• [Data section]:
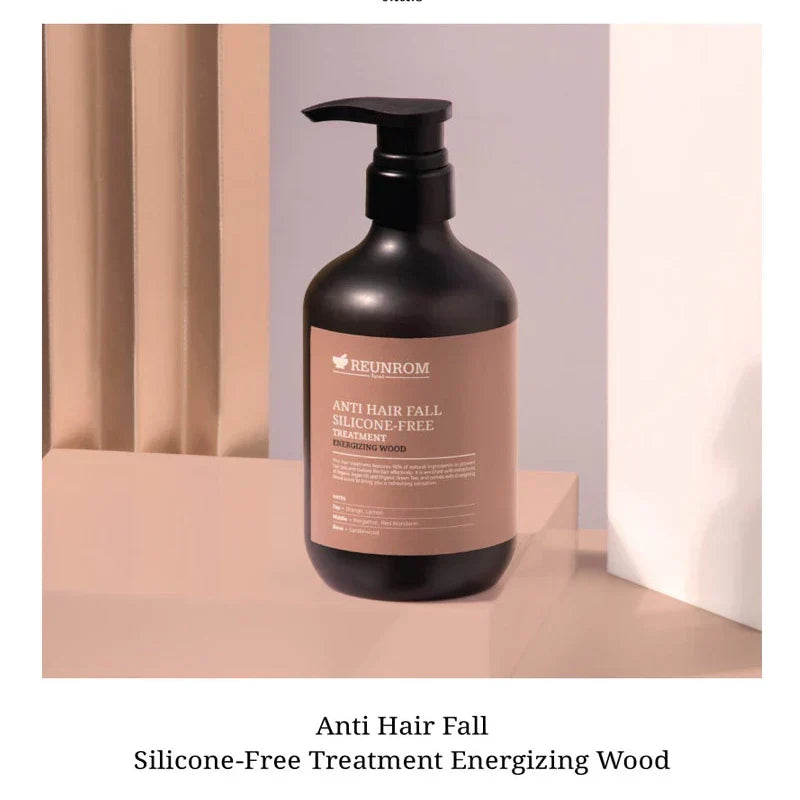 Reunrom Hair Treatment - Anti Hair Fall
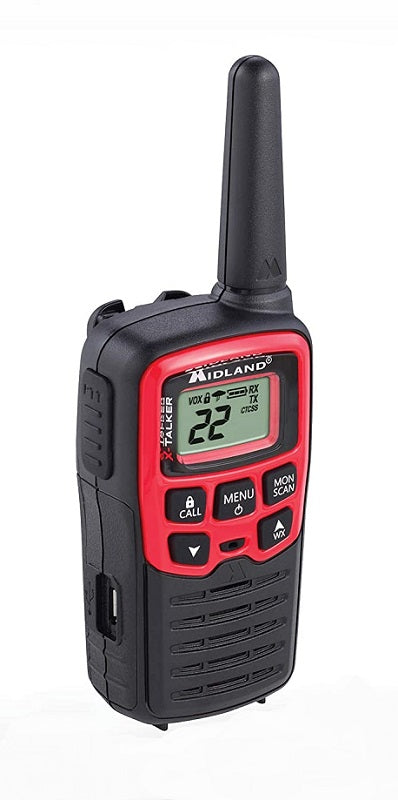 Midland E+Ready Emergency 2-Way Radios EX37VP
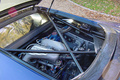Jaguar XJ220 Bleue moteur 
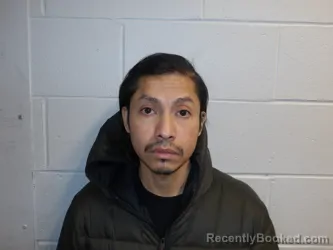 Recent Mugshot Image for RODRIGUEZ , ROMAN in Clay County, Indiana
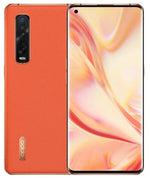 Oppo Find X2 Pro Orange Vegan Leather, 512GB Unlocked Refurbished Good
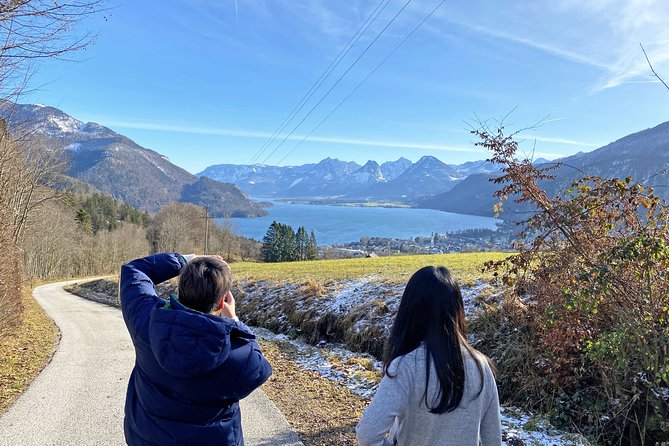Salzburg City and Hallstatt Private Tour - Leopoldskron and Hellbrunn: palaces with two different moods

• [The task]:
Only the lines from the line with "Recent Mugshot Image" through the end of the entries above, copied exactly and with both ends included, belong in the response; the pictures do not.

• [Response to this exercise]:
 Recent Mugshot Image for RODRIGUEZ , ROMAN in Clay County, Indiana
 Oppo Find X2 Pro Orange Vegan Leather, 512GB Unlocked Refurbished Good
Salzburg City and Hallstatt Private Tour - Leopoldskron and Hellbrunn: palaces with two different moods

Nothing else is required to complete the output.